REQUIRED WORK: Find the line containing "Schicksalsknoten Möbius Partnerringe: s925" in the entries below. Restate it and each line after it, word for word, up to and including the line containing "Thumbnail 3 Donna".

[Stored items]

%%

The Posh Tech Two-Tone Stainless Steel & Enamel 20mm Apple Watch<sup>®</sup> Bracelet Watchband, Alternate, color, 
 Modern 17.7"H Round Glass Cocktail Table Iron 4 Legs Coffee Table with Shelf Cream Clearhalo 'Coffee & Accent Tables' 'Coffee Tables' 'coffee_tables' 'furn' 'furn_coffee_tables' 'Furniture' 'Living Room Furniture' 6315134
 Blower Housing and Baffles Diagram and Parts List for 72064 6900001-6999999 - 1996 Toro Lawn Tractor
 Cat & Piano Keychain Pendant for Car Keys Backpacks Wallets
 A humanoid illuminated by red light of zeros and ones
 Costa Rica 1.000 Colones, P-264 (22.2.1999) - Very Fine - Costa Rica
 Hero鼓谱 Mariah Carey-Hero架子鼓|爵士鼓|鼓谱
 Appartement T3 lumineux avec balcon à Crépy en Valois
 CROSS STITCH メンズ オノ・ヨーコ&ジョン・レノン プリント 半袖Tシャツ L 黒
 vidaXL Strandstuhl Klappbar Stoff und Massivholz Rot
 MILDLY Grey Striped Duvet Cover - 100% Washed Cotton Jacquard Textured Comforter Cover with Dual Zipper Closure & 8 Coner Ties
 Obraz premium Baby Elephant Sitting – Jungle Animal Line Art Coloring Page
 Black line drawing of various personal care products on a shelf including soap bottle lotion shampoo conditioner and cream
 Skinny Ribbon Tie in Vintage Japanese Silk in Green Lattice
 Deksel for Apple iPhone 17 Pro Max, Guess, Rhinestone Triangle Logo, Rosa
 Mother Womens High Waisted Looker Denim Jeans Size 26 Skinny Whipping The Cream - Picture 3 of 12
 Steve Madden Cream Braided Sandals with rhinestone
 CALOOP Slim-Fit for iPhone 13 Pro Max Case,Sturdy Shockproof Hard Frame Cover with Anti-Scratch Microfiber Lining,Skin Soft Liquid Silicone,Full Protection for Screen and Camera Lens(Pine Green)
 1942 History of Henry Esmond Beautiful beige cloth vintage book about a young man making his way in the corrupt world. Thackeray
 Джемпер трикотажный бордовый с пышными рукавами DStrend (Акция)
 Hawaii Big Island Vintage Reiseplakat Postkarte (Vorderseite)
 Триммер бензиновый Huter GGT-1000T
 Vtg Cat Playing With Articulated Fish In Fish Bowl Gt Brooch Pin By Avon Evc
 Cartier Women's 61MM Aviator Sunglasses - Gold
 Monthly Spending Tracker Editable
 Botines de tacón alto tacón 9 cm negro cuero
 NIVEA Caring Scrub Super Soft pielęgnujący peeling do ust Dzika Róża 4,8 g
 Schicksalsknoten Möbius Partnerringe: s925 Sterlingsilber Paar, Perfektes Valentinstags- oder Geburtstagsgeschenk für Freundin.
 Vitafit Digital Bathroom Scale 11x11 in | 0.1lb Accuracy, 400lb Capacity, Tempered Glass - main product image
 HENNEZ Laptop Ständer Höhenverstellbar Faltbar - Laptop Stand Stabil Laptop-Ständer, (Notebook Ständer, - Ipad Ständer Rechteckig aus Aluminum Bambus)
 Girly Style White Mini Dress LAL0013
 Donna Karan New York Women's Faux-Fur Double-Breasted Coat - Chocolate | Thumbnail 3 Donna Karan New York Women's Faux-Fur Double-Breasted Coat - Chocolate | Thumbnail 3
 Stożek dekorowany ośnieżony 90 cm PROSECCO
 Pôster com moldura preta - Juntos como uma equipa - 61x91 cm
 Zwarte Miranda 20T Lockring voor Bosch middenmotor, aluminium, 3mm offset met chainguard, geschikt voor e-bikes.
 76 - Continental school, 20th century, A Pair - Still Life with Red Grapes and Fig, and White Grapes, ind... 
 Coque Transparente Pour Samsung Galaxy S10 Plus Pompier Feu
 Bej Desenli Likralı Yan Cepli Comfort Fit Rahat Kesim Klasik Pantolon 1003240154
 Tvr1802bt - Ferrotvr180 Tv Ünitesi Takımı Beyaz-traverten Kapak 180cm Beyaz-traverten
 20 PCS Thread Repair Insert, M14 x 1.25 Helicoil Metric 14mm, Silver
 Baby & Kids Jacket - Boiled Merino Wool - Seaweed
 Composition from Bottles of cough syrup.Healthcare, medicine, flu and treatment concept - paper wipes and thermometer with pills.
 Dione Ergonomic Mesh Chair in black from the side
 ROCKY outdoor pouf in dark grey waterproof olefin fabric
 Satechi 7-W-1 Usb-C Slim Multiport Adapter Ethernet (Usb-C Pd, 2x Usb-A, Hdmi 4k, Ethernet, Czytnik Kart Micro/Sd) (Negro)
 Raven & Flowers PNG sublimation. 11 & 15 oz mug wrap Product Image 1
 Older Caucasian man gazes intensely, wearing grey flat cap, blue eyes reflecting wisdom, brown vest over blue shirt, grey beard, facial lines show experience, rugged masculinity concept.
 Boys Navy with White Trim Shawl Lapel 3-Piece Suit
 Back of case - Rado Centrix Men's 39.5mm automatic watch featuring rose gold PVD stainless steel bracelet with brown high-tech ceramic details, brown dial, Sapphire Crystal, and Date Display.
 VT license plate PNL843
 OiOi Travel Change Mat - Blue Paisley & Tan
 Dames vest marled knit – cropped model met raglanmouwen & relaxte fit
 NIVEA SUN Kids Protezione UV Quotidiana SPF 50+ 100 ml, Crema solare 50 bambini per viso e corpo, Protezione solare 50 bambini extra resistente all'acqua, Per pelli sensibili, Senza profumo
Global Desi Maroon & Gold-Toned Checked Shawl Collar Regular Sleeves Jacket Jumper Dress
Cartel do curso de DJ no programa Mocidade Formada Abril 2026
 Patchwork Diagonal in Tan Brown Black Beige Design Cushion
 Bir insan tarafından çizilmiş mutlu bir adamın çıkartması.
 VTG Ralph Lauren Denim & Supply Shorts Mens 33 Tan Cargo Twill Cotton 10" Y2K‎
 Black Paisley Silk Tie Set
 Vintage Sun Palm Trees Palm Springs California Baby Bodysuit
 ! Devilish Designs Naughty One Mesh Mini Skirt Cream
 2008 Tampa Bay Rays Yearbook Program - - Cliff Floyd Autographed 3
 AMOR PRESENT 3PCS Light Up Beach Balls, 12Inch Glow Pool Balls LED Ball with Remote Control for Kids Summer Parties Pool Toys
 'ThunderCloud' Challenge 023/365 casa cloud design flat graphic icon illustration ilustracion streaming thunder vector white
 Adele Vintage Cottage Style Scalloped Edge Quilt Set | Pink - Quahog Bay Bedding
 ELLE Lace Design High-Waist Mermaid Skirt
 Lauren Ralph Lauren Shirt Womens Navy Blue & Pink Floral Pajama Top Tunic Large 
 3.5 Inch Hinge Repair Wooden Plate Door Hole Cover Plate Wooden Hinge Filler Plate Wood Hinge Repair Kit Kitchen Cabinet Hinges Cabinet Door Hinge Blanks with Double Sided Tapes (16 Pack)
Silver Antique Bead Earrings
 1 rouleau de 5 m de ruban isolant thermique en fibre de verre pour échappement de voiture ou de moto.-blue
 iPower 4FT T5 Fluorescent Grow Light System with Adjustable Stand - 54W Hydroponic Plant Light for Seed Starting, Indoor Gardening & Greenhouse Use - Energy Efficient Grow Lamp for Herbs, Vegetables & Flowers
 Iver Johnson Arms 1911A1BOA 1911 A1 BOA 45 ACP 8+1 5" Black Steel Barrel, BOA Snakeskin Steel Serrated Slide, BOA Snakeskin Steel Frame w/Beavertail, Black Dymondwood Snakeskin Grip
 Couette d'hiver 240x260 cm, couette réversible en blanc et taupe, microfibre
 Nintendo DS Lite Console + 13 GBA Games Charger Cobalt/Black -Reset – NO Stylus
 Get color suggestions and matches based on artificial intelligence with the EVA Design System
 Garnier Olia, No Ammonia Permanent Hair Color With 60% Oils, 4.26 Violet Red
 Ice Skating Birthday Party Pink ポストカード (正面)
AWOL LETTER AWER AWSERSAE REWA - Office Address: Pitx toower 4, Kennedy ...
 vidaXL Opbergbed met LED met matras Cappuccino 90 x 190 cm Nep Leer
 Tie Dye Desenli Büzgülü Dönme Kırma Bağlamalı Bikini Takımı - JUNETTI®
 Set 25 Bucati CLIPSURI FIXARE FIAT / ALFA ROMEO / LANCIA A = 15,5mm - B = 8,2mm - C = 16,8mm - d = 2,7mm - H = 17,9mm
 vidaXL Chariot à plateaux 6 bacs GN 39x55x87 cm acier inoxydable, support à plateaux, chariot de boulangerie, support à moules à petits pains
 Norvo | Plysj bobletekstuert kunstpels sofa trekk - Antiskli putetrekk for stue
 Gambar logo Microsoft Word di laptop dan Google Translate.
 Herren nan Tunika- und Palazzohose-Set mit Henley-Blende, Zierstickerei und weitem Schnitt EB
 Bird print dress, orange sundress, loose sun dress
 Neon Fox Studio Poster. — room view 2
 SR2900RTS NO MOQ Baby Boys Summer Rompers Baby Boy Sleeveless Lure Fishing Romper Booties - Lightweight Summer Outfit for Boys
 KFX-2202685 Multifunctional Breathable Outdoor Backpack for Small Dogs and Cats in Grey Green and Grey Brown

%%

RESPONSE AREA:
 Schicksalsknoten Möbius Partnerringe: s925 Sterlingsilber Paar, Perfektes Valentinstags- oder Geburtstagsgeschenk für Freundin.
 Vitafit Digital Bathroom Scale 11x11 in | 0.1lb Accuracy, 400lb Capacity, Tempered Glass - main product image
 HENNEZ Laptop Ständer Höhenverstellbar Faltbar - Laptop Stand Stabil Laptop-Ständer, (Notebook Ständer, - Ipad Ständer Rechteckig aus Aluminum Bambus)
 Girly Style White Mini Dress LAL0013
 Donna Karan New York Women's Faux-Fur Double-Breasted Coat - Chocolate | Thumbnail 3 Donna Karan New York Women's Faux-Fur Double-Breasted Coat - Chocolate | Thumbnail 3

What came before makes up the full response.